Considering A Short-Sale?


If you are in a situation where you can no longer make your mortgage payments and your home is now worth less than you owe on it, foreclosure may not be your only option.

A "short sale," in real-estate terms, is a sale of a house in which the sale price is less than what the owner still owes on the mortgage. It is a procedure sometimes agreed to by lenders who often would rather take a small loss than go through the lengthy and costly foreclosure process.

While there are some significant negative consequences to a short sale, an ever-increasing number of properties are being advertised with that label. Proponents say, arguably, that they can be a “win-win-win” situation for seller, buyer and lender. Here's how: the seller gets out of the mortgage liability without facing bankruptcy, the buyer gets the home at a reduced price, and the lender agrees to a loss it considers minimal without going through a foreclosure and being saddled with an unsalable property.

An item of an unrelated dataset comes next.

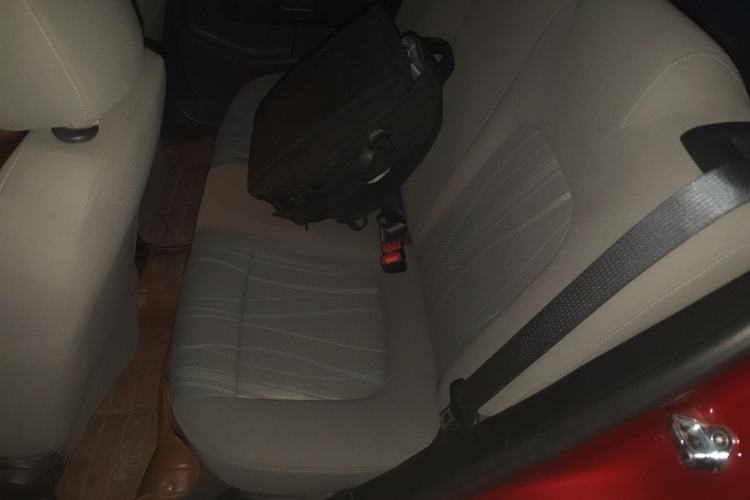 Used Chevrolet Aveo Sonic 2011 Sedan 1.4L MT SL Left Rear Seat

While it may seem surprising that lenders would agree to accept less than what they are owed, they benefit from the process, too, since they don’t have to go through the lengthy foreclosure process and then having to put the property on the market and go through the whole marketing process.

I'm not sure this is a win-win-win, but maybe a win (buyer); lesser-of-two evils (lender); better-than-nothing (seller); business-as-usual (realtor).